Many anonymization systems have been proposed in the literature. They enable the user to query a database either to link its content with other sources or to access it with structured query language (SQL) queries. Their architectural models consist in filtering the query response by generalizing values within fields, suppressing cells,1,2 and removing extreme outlier information. The ambiguation decisions are based on some confidentiality measures such as bin sizes3,4, and nonuniqueness1. Most methods can also be used for database anonymization before it is released for research use.

The fact that a user can deduce classified information from unclassified information is not a new issue. This inference problem has been studied in the context of statistical databases. A statistical database enables the user to retrieve statistics for a subset of database entries such as the mean, count, and standard deviation. Even though the goal of recent anonymization systems is to publish the data itself rather than its statistics, techniques developed to deal with inference in statistical databases have been very useful for anonymization. Anonymization for privacy protection still faces several challenges5. Metrics that measure the degree of relative anonymity and the degree of protection for sensitive information still need to be developed.

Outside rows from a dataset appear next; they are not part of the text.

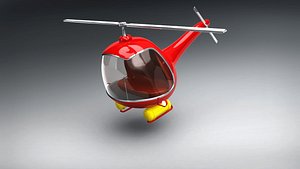 vintage red helicopter 3D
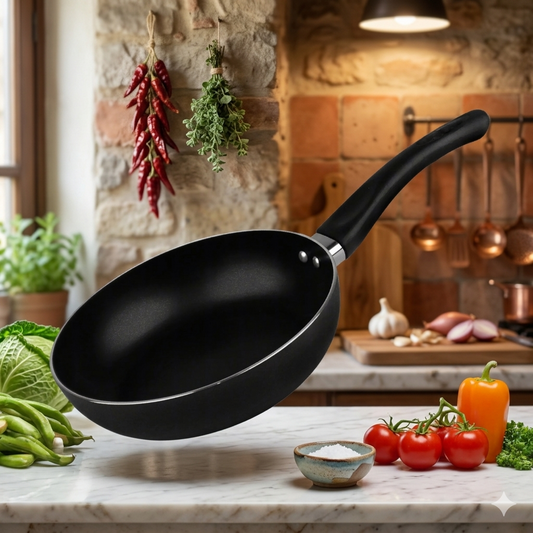 Majestic Premium Non Stick Round Frying Pan (3MM) Black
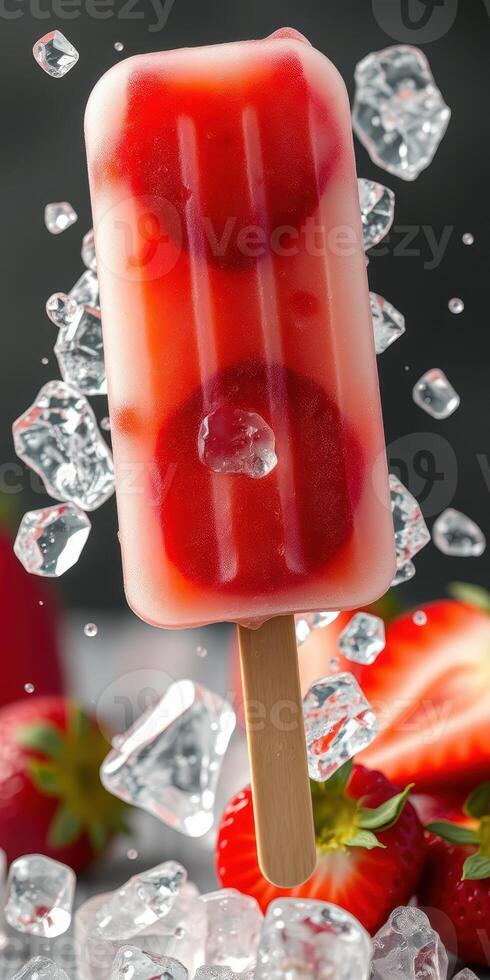 Refreshing strawberry popsicle with ice cubes and fresh strawberries on a dark background photo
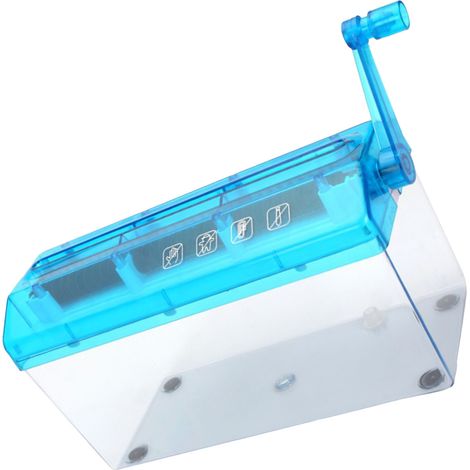 Déchiqueteuse papier plastique manuelle transparente coupe A4 pour bureau bleue (1/5)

In our case, we are interested in exporting images for research purposes incrementally over time. With time, new images will be exported for patients that already exist in the research set. Also, images for new patients will be added to the research database. Therefore, the patient set will increase over time; it is incomplete when the research database is initially created and the first images are exported. All anonymization methods deal with a fixed set of individuals and known characteristic distributions; therefore, anonymization of evolving data sets is still to be studied.

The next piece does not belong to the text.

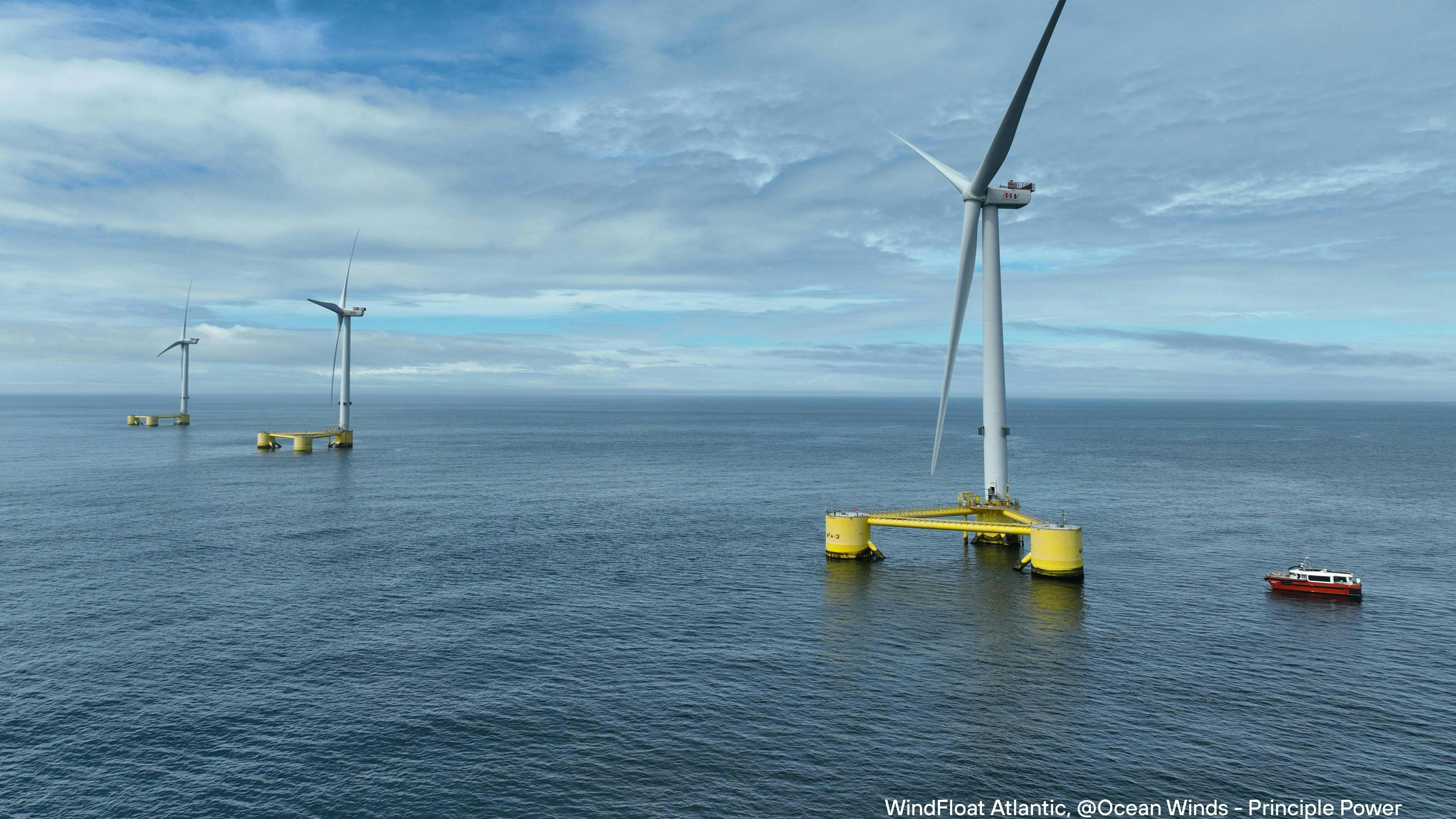The three second-generation WindFloat Atlantic wind turbines, supported by floating columns designed by Principle Power.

Moreover, we expect the number of patients that will have the same image acquisition history to be extremely small if not null. The image acquisition history for a specific patient is a list composed with the date and type of acquisition. The acquisition history is almost unique per patient, and therefore, constitutes an identifier for the patient when linked back with the initial clinical database source. This does not represent a risk for patient confidentiality as access to the original clinical database is controlled and granted only for authorized users. However, we will use this characteristic to enforce data integrity.

Pseudonymization

Pseudonymization means that a true identifier such as name or patient identification number is replaced by a pseudonym that is unique to the individual but bears no relation to the person “in the real world”. Pseudonym cannot therefore be used as a means of identification. This is because in pseudonymization, the information that reveals who the pseudonym relates to will be held securely, and separately, from the data being processed.

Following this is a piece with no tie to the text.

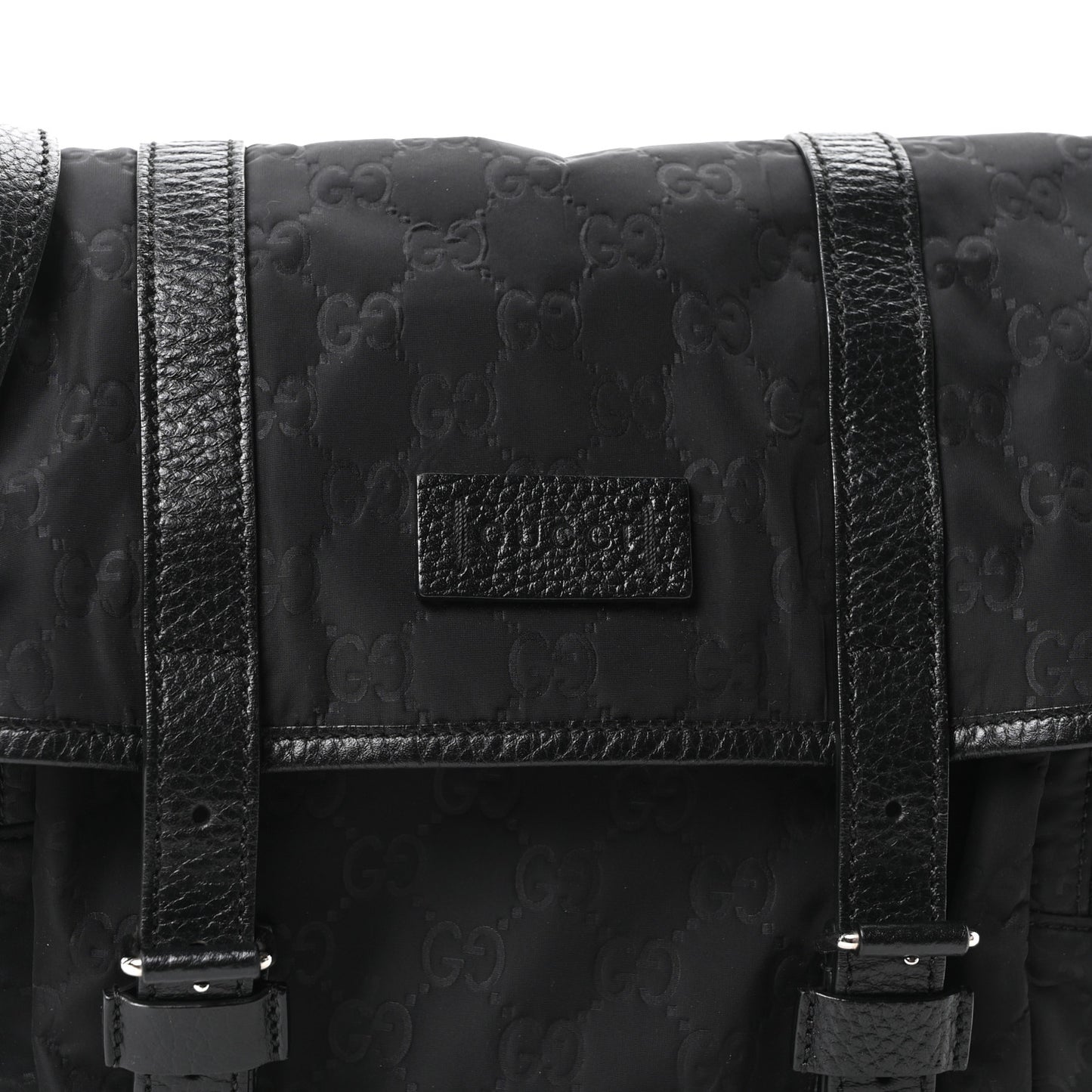 Nylon Monogram Double Buckle Flap Messenger Bag Black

There are 2 types of pseudonymization. When the relationship between the pseudonym and the patient identifier is kept securely, usually by a trusted pseudonymization party, the re-identification of the patient is possible, and the pseudonymization is reversible. However, when it is not possible to re-identify the patient, even for the entity that performed the pseudonymization, because the relationship between the pseudonym and the patient identifier is not kept or the pseudonym generation process is not reversible, then the pseudonymization is irreversible. Pseudonymization is necessary to identify information of a given patient consistently over time. A specific patient pseudonym is attached to all de-identified information related to that patient regardless of the information de-identification time.

Pseudonymization is, thus, attaching a unique identifier to de-identified and ideally anonymous information that relate to a specific patient. In practice, the pseudonymization process would be carried out fully automatically. Reversibility may be useful if in accordance with ethical policies and patient consent, some extra information is needed from the patient. For instance, if the patient agrees, he may be notified about the research findings. However, in many cases, the patient is not interested in the research results, and patient re-identification is not necessary for research purposes. For example, research about cerebral plasticity during a postsurgery recovery of the brain functionality may be accomplished with a nonreversible pseudonymization.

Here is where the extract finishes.